Week 8/2025
Queer cinema has long been a space for radical storytelling, challenging dominant narratives and opening up new ways of seeing. This week’s films are odes to queerness and defiance.
De Cinema opens our selection with De cierta manera [One Way or Another] (1974), the only feature film by Cuban filmmaker Sara Gómez. While not a queer film per se, its fluid blending of fiction and documentary, along with its critique of rigid social structures, establishes a queering perspective as the first feature to be made by a woman in Cuba. The film follows a romance between a teacher and a bus driver, exploring how class, machismo, and racism intersect in everyday life. A statement from the opening credits also nicely set the tone for the films in this overview: “Feature film about real people and some fictitious ones.” Preceding the screening is a lecture by Wouter Hessels on Latin American cinema of the 60s and 70s, contextualising Gómez’s work within broader cinematic and political movements.
Also at De Cinema, but later in the week, is Funeral Parade of Roses (1969), Toshio Matsumoto’s avant-garde depiction of Tokyo’s queer underground. Following Eddie, a transgender hostess caught in a web of desire and betrayal, the film is an explosion of experimental techniques, blending pop art aesthetics with political unrest. Matsumoto described its structure as letting a mirror fall to pieces and picking up the shards to piece it together again. Rumoured to have influenced Kubrick’s A Clockwork Orange, it remains a landmark of the Japanese New Wave.

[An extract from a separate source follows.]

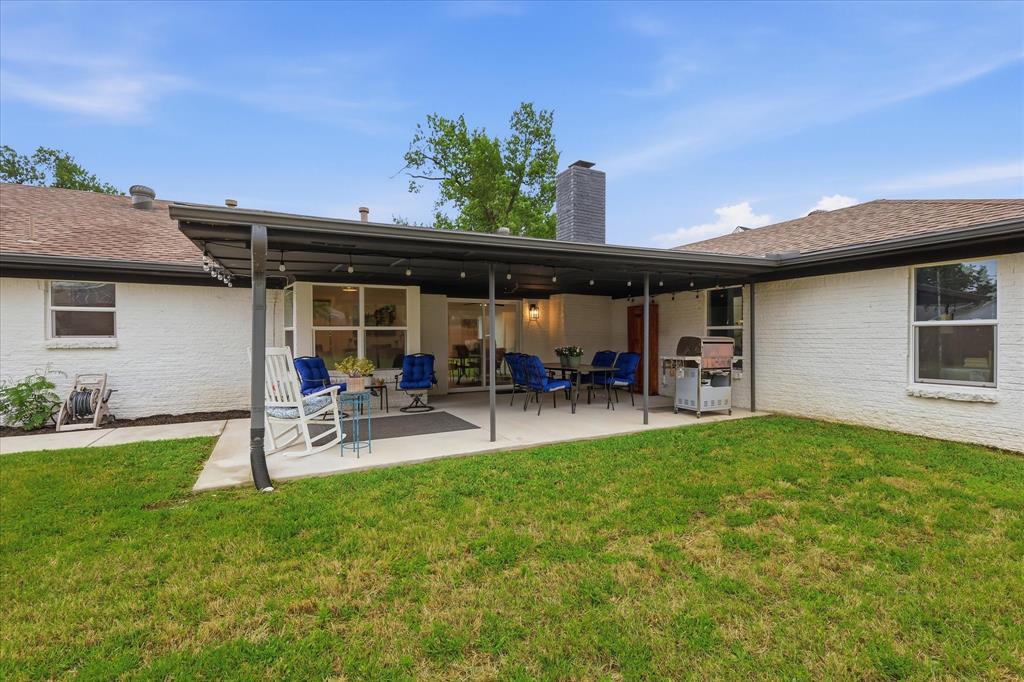 Wedgwood Add - Residential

At KASKcinema, A Rainha Diaba [The Devil Queen] (1974) shifts the focus to the underbelly of 1970s Rio de Janeiro. Inspired by a real-life figure, this film follows the flamboyant and ruthless drug lord Rainha Diaba. Director Antonio Carlos da Fontoura crafts a violent, camp spectacle that prefigures the aesthetic of Pedro Almodóvar’s early films. As da Fontoura put it: “What fascinated me as a director was the possibility of inventing a different reality, far from all polite limits, in camera movements, strident sound, art collages, set decoration, costumes, subversive makeup, penetrating music, burlesque acting, in the red of blood, in the gold of sequins.”